Les Œuvres de François Rabelais (Éditions Marty-Laveaux)/LeQuartLivre/14

Alphonse Lemerre (Tome IIp. 320-322).

Continuation des Chiquanous daubbez en la maison de Basché.

Chapitre XIIII.



Quatre iours après un aultre ieune, hault, & maigre Chiquanous alla citer Basché à la requeste du gras Prieur. A son arrivée feut soubdain par le portier recongneu, & la campanelle sonnée. Au son d’icelle tout le peuple du chasteau entendit le mystère. Loyre poitrissoit sa paste, sa femme belutoit la farine. Oudart tenoit son bureau, les gentilzhomes iouoient à la paulme. Le seigneur Basché iouoit aux troys cens troys avecques sa femme. Les damoiselles iouoient aux pingres, les officiers iouoient à l’imperiale, les paiges iouoient à la mourre à belles chinquenauldes. Soubdain feut de tous entendu, que Chiquanous estoient en pays. Lors Oudart se revestit. Loyre & sa femme prendre leurs beaulx acoustremens. Trudon sonner de sa flutte, batre son tabourin, chascun rire, tous se preparer, & guantelets en avant. Basché descend en la basse court. Là Chiquanous le rencontrant, se meist à genoux davant luy, le pria ne prendre en mal, si de la part du gras Prieur il le citoit : remonstra par harangue diserte comment il estoit persone publicque, serviteur de Moinerie, appariteur de la mitre Abbatiale : prest à en faire autant pour luy, voyre pour le moindre de sa maison, la part qu’il luy plairoyt l’exploicter & commender.

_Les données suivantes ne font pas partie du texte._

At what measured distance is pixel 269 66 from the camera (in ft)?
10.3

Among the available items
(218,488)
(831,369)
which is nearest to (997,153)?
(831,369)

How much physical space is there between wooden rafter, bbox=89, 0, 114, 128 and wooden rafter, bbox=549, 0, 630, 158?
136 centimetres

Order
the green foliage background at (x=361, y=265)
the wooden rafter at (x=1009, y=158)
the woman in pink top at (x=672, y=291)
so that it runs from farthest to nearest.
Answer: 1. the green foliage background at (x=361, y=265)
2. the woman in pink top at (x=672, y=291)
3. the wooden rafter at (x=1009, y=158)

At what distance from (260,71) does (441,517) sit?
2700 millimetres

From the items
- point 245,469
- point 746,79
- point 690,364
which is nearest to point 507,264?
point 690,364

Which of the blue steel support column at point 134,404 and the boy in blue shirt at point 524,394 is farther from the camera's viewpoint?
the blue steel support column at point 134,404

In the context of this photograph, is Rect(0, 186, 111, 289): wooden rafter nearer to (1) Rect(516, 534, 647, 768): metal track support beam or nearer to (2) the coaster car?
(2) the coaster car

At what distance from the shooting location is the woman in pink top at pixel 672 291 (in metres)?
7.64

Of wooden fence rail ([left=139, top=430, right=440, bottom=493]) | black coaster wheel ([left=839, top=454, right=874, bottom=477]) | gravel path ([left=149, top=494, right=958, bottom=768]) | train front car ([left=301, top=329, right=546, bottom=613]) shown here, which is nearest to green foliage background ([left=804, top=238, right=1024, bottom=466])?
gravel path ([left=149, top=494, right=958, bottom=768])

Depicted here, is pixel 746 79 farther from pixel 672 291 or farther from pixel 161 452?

Vrayement, dist le seigneur, ià ne me citerez, que premier n’ayez beu de mon bon vin de Quinquenays, & n’ayez assisté aux nopces que ie foys præsentement. Messire Oudart faictez le boyre tresbien, & refraischir : puys l’amenez en ma salle. Vous soyez le bien venu.

Chiquanous bien repeu & abbreuvé entre avecques Oudart en salle, en laquelle estoient tous les personaiges de la farce en ordre, & bien deliberez. A son entrée chascun commença soubrire. Chiquanous rioit par compaignie, quand par Oudart feurent sus les fiansez dictz motz mysterieux, touchées les mains, la mariée baisée, tous aspersez d’eaue beniste. Pendent qu’on apportoit vin & espices, coups de poin commencèrent trotter. Chiquanous en donna nombre à Oudart. Oudart soubs son suppellis avoit son guantelet caché : il s’en chauffe comme d’une mitaine. Et de daubber Chiquanous, & de drapper Chiquanous : & coups des ieunes guanteletz de tous coustez pleuvoir sus Chiquanous.

Des nopces, disoient ilz, des nopces, des nopces : vous en soubvieine.

Il feut si bien acoustré que le sang luy sortoit par la bouche, par le nez, par les aureilles, par les œilz. Au demourant courbatu, espaultré, & froissé teste, nucque, dours, poictrine, braz, & tout. Croyez qu’en Avignon on temps de Carneval les bacheliers oncques ne iouèrent à la Raphe plus melodieusement, que feut ioué sus Chiquanous. En fin il tombe par terre. On luy iecta force vin sus la face : on luy atacha à la manche de son pourpoinct belle livrée de iaulne & verd : & le mist on sus son cheval morveulx. Entrant en l’isle Bouchard, ne sçay s’il feut bien pensé & traicté tant de sa femme, comme des Myres du pays. Depuis n’en feut parlé.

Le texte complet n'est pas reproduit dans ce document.